立地交付金について破綻した人工島事業救済のために一般会計から税金を使うことに反対するものでです。そもそも人工島の土地処分のために立地交付金を引き上げたことが問題な上に、港湾整備事業特別会計基金からの繰入の資金を使い、企業への交付後10年で一般会計から償還するといういびつな資金繰りをしてまで,本来市民生活のために使うべき多額な税金を人工島の土地処分に使うことは許されません。加えて、今回の立地交付金に関する補正予算案は、交付される企業の都合で交付時期を変更とするものであり、企業を優遇してまで破綻した人工島事業に税金をつぎ込むことは認められません。

次に議案第16号福岡市営渡船条例の一部を改正する条例案について反対意見を述べます。この議案は航路事業の健全化を図るために博多港出航後西戸崎、大岳に寄港後、志賀島着となっていたものが、大岳の寄港が廃止されるというものです。この航路変更については住民の反対が根強くあり、福岡市政が市民の声をどのように受けとめているのかが問われる問題です。大岳からの利用者は現在36名おられ、この方たちの移動の自由を保障することは住民の福祉を実現することを本旨とする自治体としての責務です。しかも大岳寄港をやめることによる経費削減効果は、将来の岸壁等更新費を除けば年間約700万円にすぎません。立地交付金の額との比較および事業優先度から考えれば、大岳寄港廃止は必要ないと言えます。

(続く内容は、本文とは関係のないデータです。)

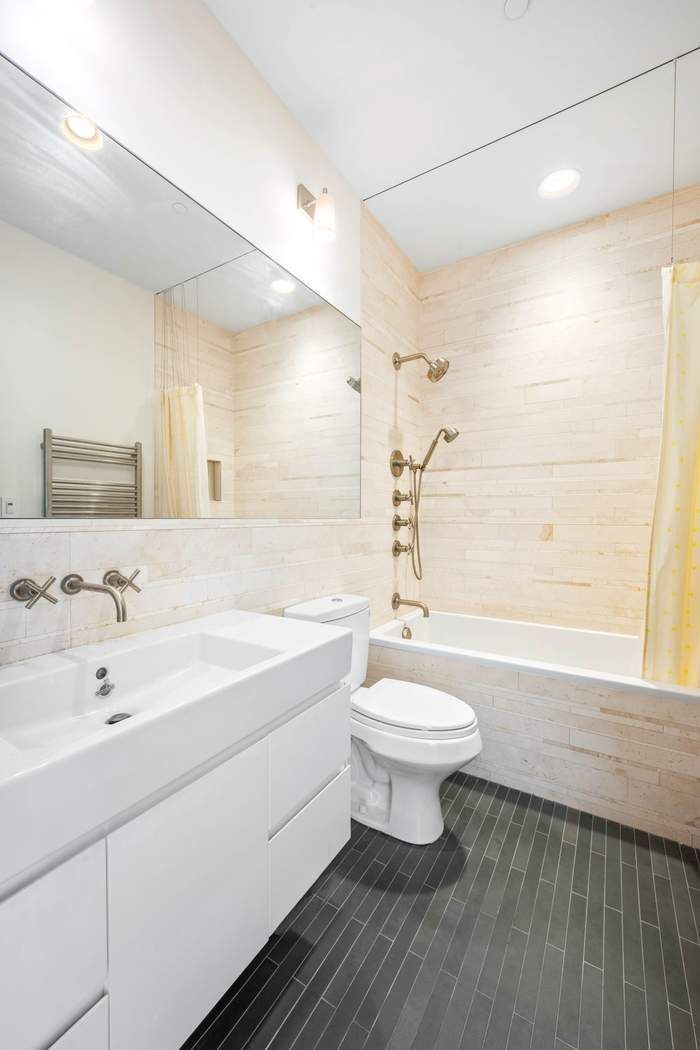 328 West 108th Street Manhattan, NY 10025 - Photo 24 of 38 a bathroom with a sink a toilet and shower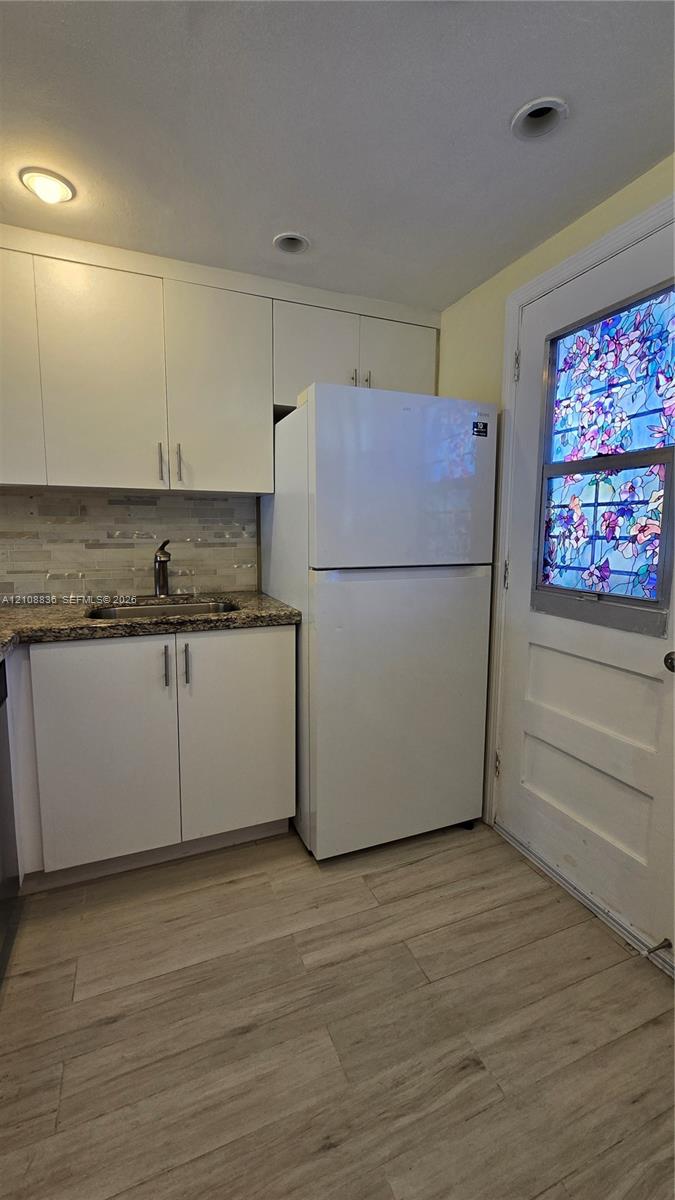 Kitchenette featuring white shaker-style cabinetry, stone-surface countertops, textured tile backsplash, wood-finish flooring, and a decorative stained-glass panel door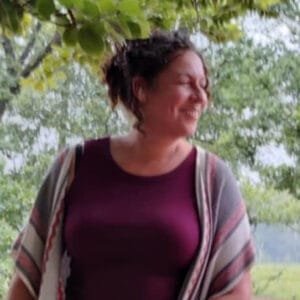 Oesiana lacht met een djembe onder de bomen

髙島市政の行財政改革では、陸路と繋がる志賀島方面の海上交通は必要ないと考えています。これは近視眼的金銭観しか持ち合わせていないものです。博多湾が持つ自然、歴史、景観、そして文化的価値を理解しない、まさに「貧困なる精神」の世界と言えます。これまで福岡市は博多湾が持つポテンシャルについて理解していなかった結果、ベイサイドプレスの事業が失敗し、志賀島航路の利用者減を招いていることに繋がっています。これまでの志賀島地域住民の努力についても、単なる地域の取り組みとしか考えて折らず、福岡市としての地域活性化の取り組みとなっていないことが利用者減の背景にあります。営業努力だけの縮み思考ではなく、多様な資源を生かし、定住化の促進と、都心部と湾岸部、志賀島を繋ぐ観光戦略を展開する必要があります。まずは市民がもっと航路を利用して志賀島へ旅を楽しむ企画が必要です。市営渡船利用者減の責任は一義的に福岡市の姿勢にあり、この様な条例案を出すのではなく、もっと将来を展望できる施策を出すべきです。
以上の理由から諸議案に反対するものです。